Sociologist and activist Bianca Mabute-Louie has wrestled with a conundrum for her entire life: Is it better to assimilate into mainstream American culture, or embrace one’s own heritage and, thus, stand out? In her scholarly yet personal book, Unassimilable: An Asian Diasporic Manifesto for the 21st Century, Mabute-Louie finds these options to be a false binary. Twining memoiristic reflections with Asian American political and cultural history, her book proposes a third, freeing alternative: becoming unassimilable.
Mabute-Louie grew up in California’s San Gabriel Valley, an “ethnoburb” rich in Chinese groceries, language academies, churches and small businesses. She describes her popo (maternal grandmother) moving to the area from Hong Kong after a stressful divorce in her 70s. Able to speak Cantonese, prepare her favorite foods and make new friends in California thanks to the robust Chinese community, Mabute-Louie’s popo quickly thrived. “My popo and the ethnoburb demonstrate that we can create our own power and belonging without learning English, participating in White institutions, and Americanizing,” she writes. “But it is a communal endeavor, one that requires everybody’s imagination and care.” Rather than an act of individualism, unassimilability is an “interdependent community of popos finding each other.”

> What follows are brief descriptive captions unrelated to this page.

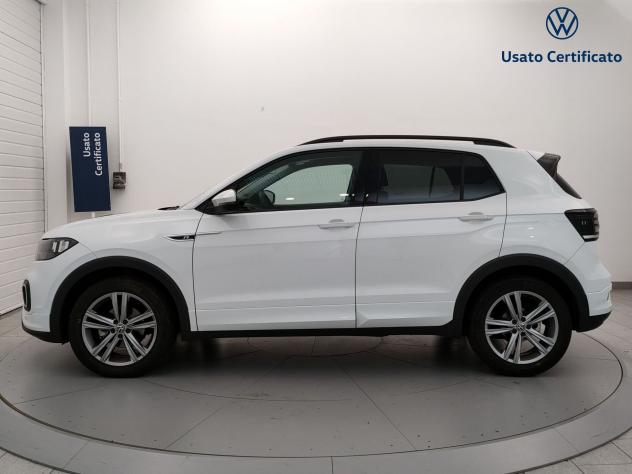 Volkswagen T-Cross 1.0 TSI 81kW Sport DSG - Foto 3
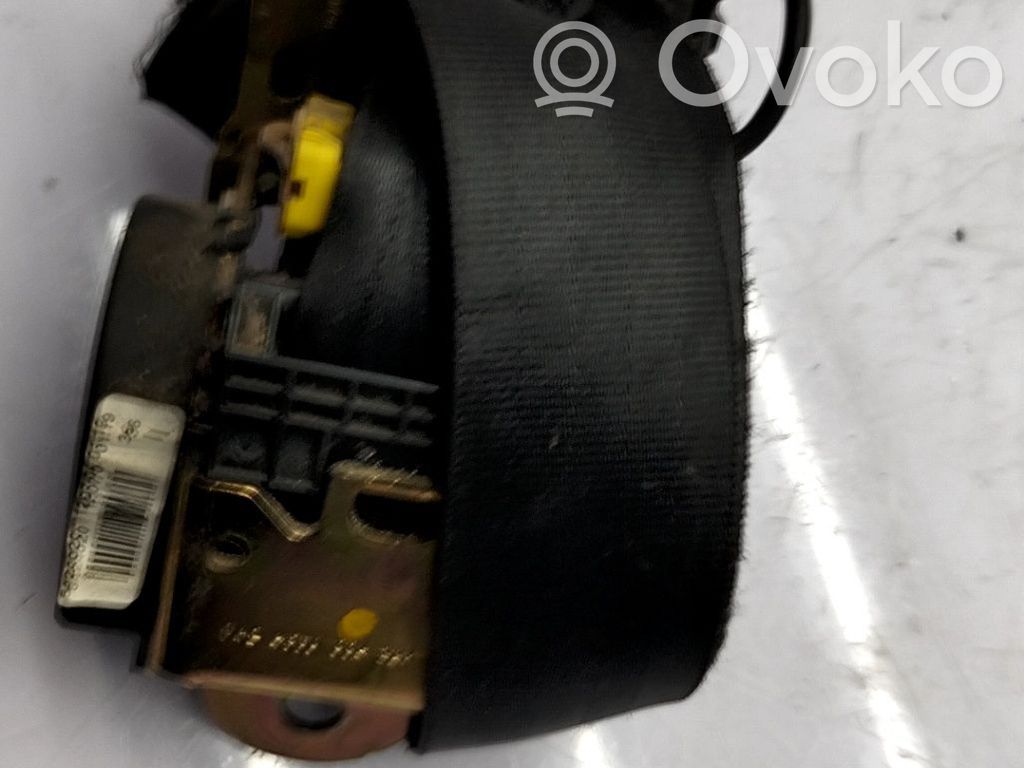 Cinturón delantero   6Q3857705JRAA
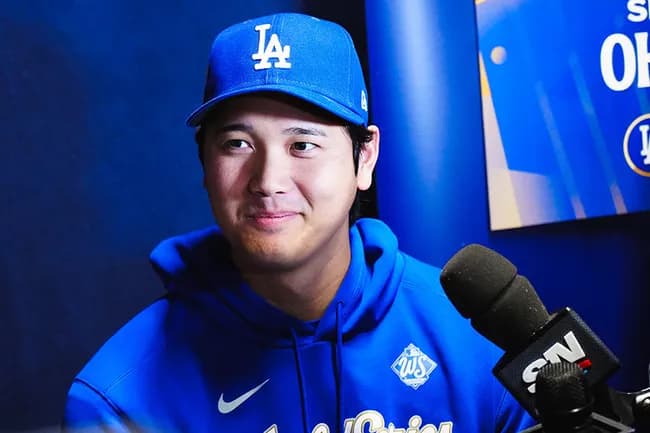 大谷翔平が絶対に言わなさそうな言葉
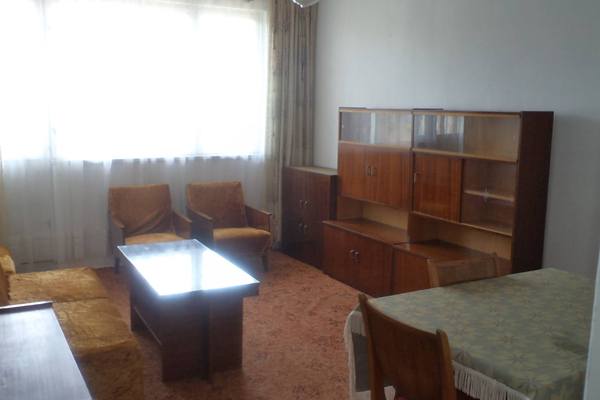 holiday flat in Varna 8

The author builds her book’s central case by describing her personal experience coming to racial consciousness, and discussing key selections from Asian American history and culture. She details the contrast between her ethnoburb and her largely white private school, her complex relationship with Chinese American Christian culture, and the liberatory framework she found for herself in academia through Ethnic Studies. The interspersed Asian American history ranges from American immigration quotas and bans during World War II, to the origins of the “model minority” stereotype, to fights over affirmative action’s value and impact on Asian students, to political conflicts both among broader communities of color and within Asian communities. At each chapter’s end, the author’s illustrations and comics provide bonus reflections.
Mabute-Louie shows how being unassimilable provides opportunity for wholeness, mission and community. “I am not ‘torn between two cultures,’ as they say, because I occupy a third space in the diaspora,” Mabute-Louie writes, “from where a collective identity emerges that is neither repulsed by foreignness nor longing for Whiteness, but adamantly unassimilable.”